Wypożyczyłam ten tomik bez jakiejś specjalnej myśli. Autorkę znam i doceniam, choć nie do tego stopnia, żeby czekać z utęsknieniem na każde jej nowe dzieło; w rzeczy samej skusiła mnie po prostu rzadka jak na realia miejscowej biblioteki możliwość poobcowania z odrobiną poezji współczesnej, ale nie tak bardzo awangardowej jak ta promowana w prasie.

Przerzuciłam kartki, zatrzymałam oko na dwóch czy trzech fragmentach, które wydały mi się bardziej interesujące – i gdybym na tym skończyła, pewnie nie pozostałyby mi żadne głębsze wspomnienia. Ale w przypadku poezji poprzestaję na jednorazowej lekturze w zasadzie tylko wtedy, gdy przypominam sobie rzecz już znaną, albo gdy przy pierwszym czytaniu jest tak odpychająca, że nie jestem w stanie do niej wrócić. Tu żadna z tych ewentualności nie zachodziła, więc w wolnej chwili zabrałam się do spokojnego i systematycznego przestudiowania zbiorku, czego efektem było przepisanie do mojej prywatnej antologii mniej więcej co szóstego z plus minus stu wierszy. To niewiele w porównaniu z kilkorgiem moich poetyckich faworytów, na których twórczość - gdybym nie posiadała na własność przynajmniej jednego tomiku - musiałabym przeznaczyć po całym porządnej grubości zeszycie; równocześnie to bardzo dużo, gdy uświadomić sobie, że w gromadzonym od lat zbiorze większość autorów reprezentowana jest przez jeden do trzech wierszy. Sama Kozioł – do tej pory – też.
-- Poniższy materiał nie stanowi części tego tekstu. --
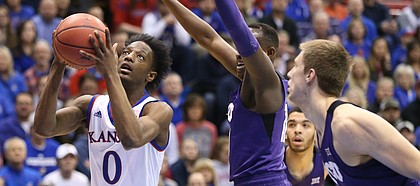 Kansas guard Marcus Garrett (0) moves in for a bucket during the first half on Tuesday, Feb. 6, 2018 at Allen Fieldhouse.
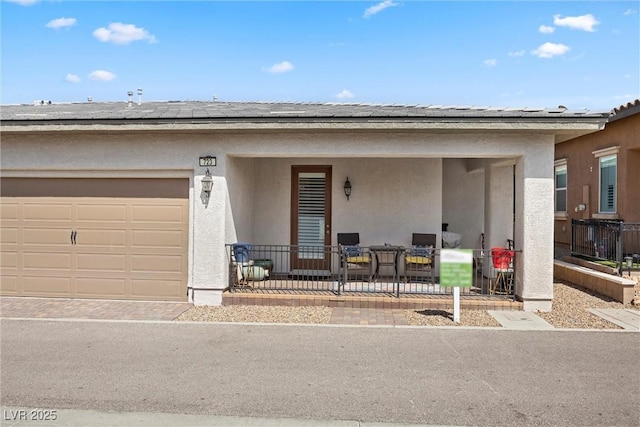 723 Orange Plume Walk Unit 0, Henderson, NV 89011 - view of front facade with a garage, roof mounted solar panels, and stucco siding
Dlaczego więc akurat „Przelotem” odbiło się w mojej świadomości aż tak wyraziście? Bo jest to poezja bardzo szczególna: bardzo osobista i bardzo dojrzała, której najpewniej nie odebrałabym właściwie jako nastolatka i jako młoda kobieta. Dopiero kiedy „ma się już z górki”, nawet kiedy się jeszcze czuje całkiem młodo, ale doświadczyło się już czegoś, co uświadamia nam upływ czasu i jego nieuchronne konsekwencje - prawda, że jesteśmy tutaj tylko przelotem, dociera do nas z całą przerażającą ostrością. A także i to, że ten nasz przelot to nie tylko zmiana miejsca, lekkie i bezbolesne przejście od granicy do granicy; to także – czasem wieloletnie, czasem na szczęście krótkie – lecz zawsze męczące i upokarzające szarpanie się między ziemią a przestworzem, zmaganie się ze słabością, niemocą, bólem.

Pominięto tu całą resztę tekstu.